»»

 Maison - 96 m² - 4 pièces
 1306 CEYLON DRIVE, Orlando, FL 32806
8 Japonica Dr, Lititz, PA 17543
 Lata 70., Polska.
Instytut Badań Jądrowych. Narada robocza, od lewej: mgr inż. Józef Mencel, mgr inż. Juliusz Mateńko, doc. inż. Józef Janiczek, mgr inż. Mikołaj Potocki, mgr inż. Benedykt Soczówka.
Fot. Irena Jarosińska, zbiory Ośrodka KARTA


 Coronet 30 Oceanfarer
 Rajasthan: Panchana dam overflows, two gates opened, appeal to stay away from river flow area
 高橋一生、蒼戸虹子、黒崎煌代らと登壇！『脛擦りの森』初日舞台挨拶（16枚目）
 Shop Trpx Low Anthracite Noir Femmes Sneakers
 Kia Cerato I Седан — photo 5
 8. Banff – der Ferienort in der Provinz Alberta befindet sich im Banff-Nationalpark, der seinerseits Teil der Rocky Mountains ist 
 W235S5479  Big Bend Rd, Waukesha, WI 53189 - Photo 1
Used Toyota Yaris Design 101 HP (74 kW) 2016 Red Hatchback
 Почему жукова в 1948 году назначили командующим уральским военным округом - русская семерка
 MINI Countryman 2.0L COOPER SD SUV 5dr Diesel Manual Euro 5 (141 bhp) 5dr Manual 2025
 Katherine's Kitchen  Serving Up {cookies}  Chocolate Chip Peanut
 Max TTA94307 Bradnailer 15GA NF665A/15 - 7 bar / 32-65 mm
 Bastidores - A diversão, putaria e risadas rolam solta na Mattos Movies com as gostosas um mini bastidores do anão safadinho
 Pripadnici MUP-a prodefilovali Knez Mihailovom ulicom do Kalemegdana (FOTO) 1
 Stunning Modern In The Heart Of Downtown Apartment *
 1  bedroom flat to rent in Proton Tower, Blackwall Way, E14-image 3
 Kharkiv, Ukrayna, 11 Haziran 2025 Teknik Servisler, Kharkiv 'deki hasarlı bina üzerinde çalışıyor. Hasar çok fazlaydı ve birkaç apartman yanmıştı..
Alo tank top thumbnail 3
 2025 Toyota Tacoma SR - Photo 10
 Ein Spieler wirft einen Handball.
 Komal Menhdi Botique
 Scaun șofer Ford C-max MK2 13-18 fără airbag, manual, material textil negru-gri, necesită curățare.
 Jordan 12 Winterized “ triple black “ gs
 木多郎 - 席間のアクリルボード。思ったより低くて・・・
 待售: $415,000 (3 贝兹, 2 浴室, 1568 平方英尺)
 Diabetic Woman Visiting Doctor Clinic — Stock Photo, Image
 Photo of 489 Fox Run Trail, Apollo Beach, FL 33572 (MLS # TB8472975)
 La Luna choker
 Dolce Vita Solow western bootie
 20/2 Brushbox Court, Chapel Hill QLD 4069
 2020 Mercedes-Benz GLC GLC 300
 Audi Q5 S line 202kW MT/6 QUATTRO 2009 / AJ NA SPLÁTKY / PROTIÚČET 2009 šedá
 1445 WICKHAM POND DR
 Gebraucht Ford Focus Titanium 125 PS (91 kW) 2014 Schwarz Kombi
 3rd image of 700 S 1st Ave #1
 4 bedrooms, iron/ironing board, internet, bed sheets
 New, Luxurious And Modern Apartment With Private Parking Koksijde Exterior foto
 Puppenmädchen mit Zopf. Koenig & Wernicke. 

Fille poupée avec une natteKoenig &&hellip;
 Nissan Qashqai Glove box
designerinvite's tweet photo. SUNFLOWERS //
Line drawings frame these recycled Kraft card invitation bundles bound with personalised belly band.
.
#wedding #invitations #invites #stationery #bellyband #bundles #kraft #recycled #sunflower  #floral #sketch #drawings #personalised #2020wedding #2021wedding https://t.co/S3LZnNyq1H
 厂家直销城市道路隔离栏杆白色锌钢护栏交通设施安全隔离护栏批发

««

WORK INSTRUCTION:
Return exactly the lines above from the line that has "高橋一生、蒼戸虹子、黒崎煌代らと登壇！『脛擦りの森』初日舞台挨拶（16枚目）" through the line that has "1445 WICKHAM POND DR", inclusive, and nothing else.

REPLY TO THE TASK:
 高橋一生、蒼戸虹子、黒崎煌代らと登壇！『脛擦りの森』初日舞台挨拶（16枚目）
 Shop Trpx Low Anthracite Noir Femmes Sneakers
 Kia Cerato I Седан — photo 5
 8. Banff – der Ferienort in der Provinz Alberta befindet sich im Banff-Nationalpark, der seinerseits Teil der Rocky Mountains ist 
 W235S5479  Big Bend Rd, Waukesha, WI 53189 - Photo 1
Used Toyota Yaris Design 101 HP (74 kW) 2016 Red Hatchback
 Почему жукова в 1948 году назначили командующим уральским военным округом - русская семерка
 MINI Countryman 2.0L COOPER SD SUV 5dr Diesel Manual Euro 5 (141 bhp) 5dr Manual 2025
 Katherine's Kitchen  Serving Up {cookies}  Chocolate Chip Peanut
 Max TTA94307 Bradnailer 15GA NF665A/15 - 7 bar / 32-65 mm
 Bastidores - A diversão, putaria e risadas rolam solta na Mattos Movies com as gostosas um mini bastidores do anão safadinho
 Pripadnici MUP-a prodefilovali Knez Mihailovom ulicom do Kalemegdana (FOTO) 1
 Stunning Modern In The Heart Of Downtown Apartment *
 1  bedroom flat to rent in Proton Tower, Blackwall Way, E14-image 3
 Kharkiv, Ukrayna, 11 Haziran 2025 Teknik Servisler, Kharkiv 'deki hasarlı bina üzerinde çalışıyor. Hasar çok fazlaydı ve birkaç apartman yanmıştı..
Alo tank top thumbnail 3
 2025 Toyota Tacoma SR - Photo 10
 Ein Spieler wirft einen Handball.
 Komal Menhdi Botique
 Scaun șofer Ford C-max MK2 13-18 fără airbag, manual, material textil negru-gri, necesită curățare.
 Jordan 12 Winterized “ triple black “ gs
 木多郎 - 席間のアクリルボード。思ったより低くて・・・
 待售: $415,000 (3 贝兹, 2 浴室, 1568 平方英尺)
 Diabetic Woman Visiting Doctor Clinic — Stock Photo, Image
 Photo of 489 Fox Run Trail, Apollo Beach, FL 33572 (MLS # TB8472975)
 La Luna choker
 Dolce Vita Solow western bootie
 20/2 Brushbox Court, Chapel Hill QLD 4069
 2020 Mercedes-Benz GLC GLC 300
 Audi Q5 S line 202kW MT/6 QUATTRO 2009 / AJ NA SPLÁTKY / PROTIÚČET 2009 šedá
 1445 WICKHAM POND DR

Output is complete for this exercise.